GlueSQL: SQL database engine as a library

jitl · on Oct 23, 2022

I’ve been thinking about writing a code analysis and refactoring tool that would expose facts like AST node info, expression typings, etc as queryable collections. To make this fast and interactive, you’d only compute the facts needed for a query and ideally incrementally maintain those as files change.

Rust used a Datalog library inside the borrow checker for this; I’d like to bring similar model to more languages so that some kinds of refactors or lints written as queries could potentially be shared between languages - for example, a lint rule that prohibits optional arguments to functions.

I wonder if GlueSQL would work naturally as this kind of “OSQuery for source code”.

neandrake · on Oct 23, 2022

This idea sounds similar to Glean. I haven’t looked too much into it yet but tagged it for later.

https://glean.software/

chc4 · on Oct 23, 2022

CodeQL is exactly the query side of this - it builds a database of facts about your code, which you can query in their language which compiles to datalog, in order to write lints (sometimes in a language-agnostic manner). It doesn't have anything for refactoring, however.

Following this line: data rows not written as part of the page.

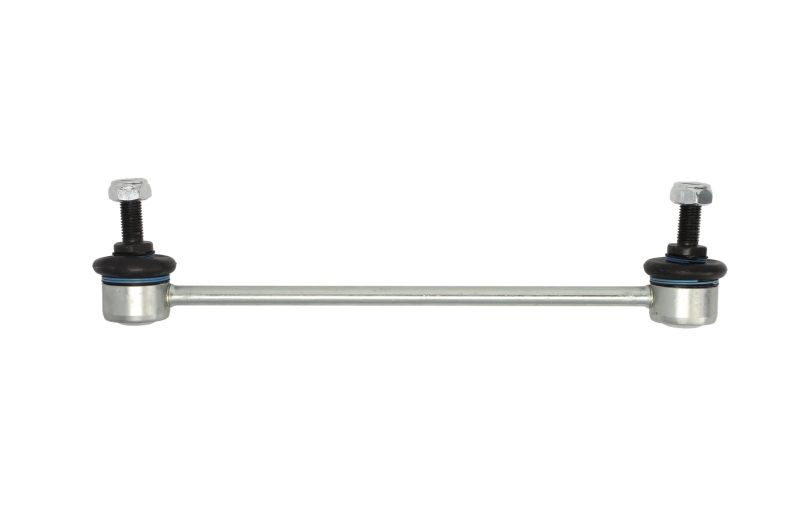 Stabilizator (Prednja, Lijeva/Desna) za vozilo MERCEDES A (W169)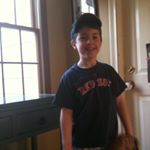 Profile Picture of James Sheehan (@james.sheehan13) on Instagram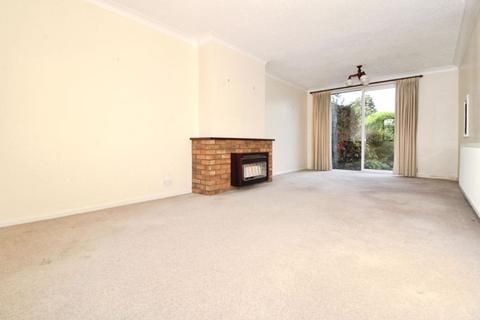 3 bedroom semi-detached house for sale, Fotherley Brook Road, Aldridge, WS9 0PD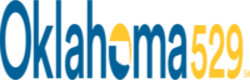 logo (1).png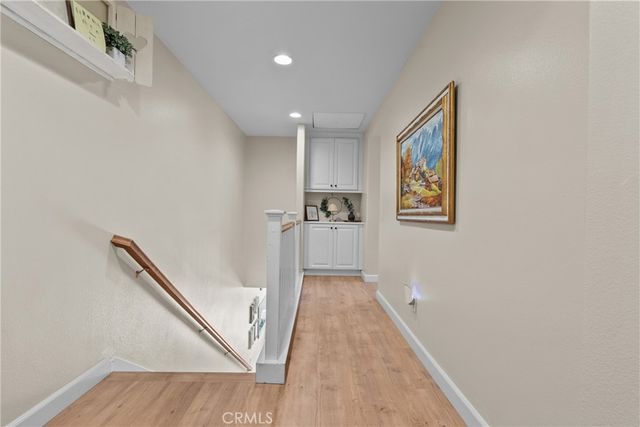 28354 Santa Rosa Lane, Saugus, CA 91350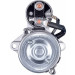 Hella | Starter | 8EA 012 526-001 Hella | Starter | 8EA 012 526-001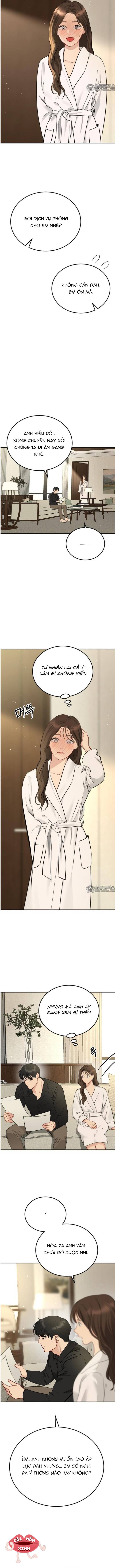 Chapter 40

infogulch · on Oct 23, 2022

Another "database toolkit" project that I've recently learned about is Apache DataFusion, also written in rust and uses Arrow memory format:

https://github.com/apache/arrow-datafusion/blob/master/READM...

jitl · on Oct 23, 2022

Ooo, this seems more explicitly supportive of my AST query idea

FridgeSeal · on Oct 23, 2022

Also check out (if you haven’t already), the timely and differential dataflow crates, and what Readyset/Noria are doing with incremental compute. Lots of of super cool stuff happening in the space.

jinmingjian · on Oct 23, 2022

Just another embedded SQL engine.

There are SQLite(OLTP), DuckDB(OLAP) and some engine-based project like mentioned Apache Arrow(https://arrow.apache.org/)(OLAP): Apache Arrow has many language implementations, some do not include the query engine(for example, Rust implementation, which depends on the DataFusion for more SQL-like analytics) in its own repo, but other do include(for example, C++).

There is a comprehensive benchmark by ClickHouse for OLAP but including kinds of embedding engines: https://benchmark.clickhouse.com/

The more interesting is that, in fact, we have not an embedded HTAP engine. One of my database products already implements 3/4 HTAP at the engine layer, but unfortunately it's still just a free software, not an open source implementation.

mhuffman · on Oct 23, 2022

>The more interesting is that, in fact, we have not an embedded HTAP engine.

I know it is not meant to be, but I have found DuckDB to be so fast at transactional queries that for many it would work well as an HATP

0xb0565e487 · on Oct 23, 2022

What's the selling point here?

bruce511 · on Oct 23, 2022

I don't want to dump on someone's project, because we need new projects, and who knows what this will turn into, but...

I too am wondering "why would I use this and not SQLite?" or Firebird.

There may well be reasons, but I couldn't find them on the project front page. For all new projects, in situations like this, breaking into a very mature market, I would recommend that some sort of reason is posted on the front page.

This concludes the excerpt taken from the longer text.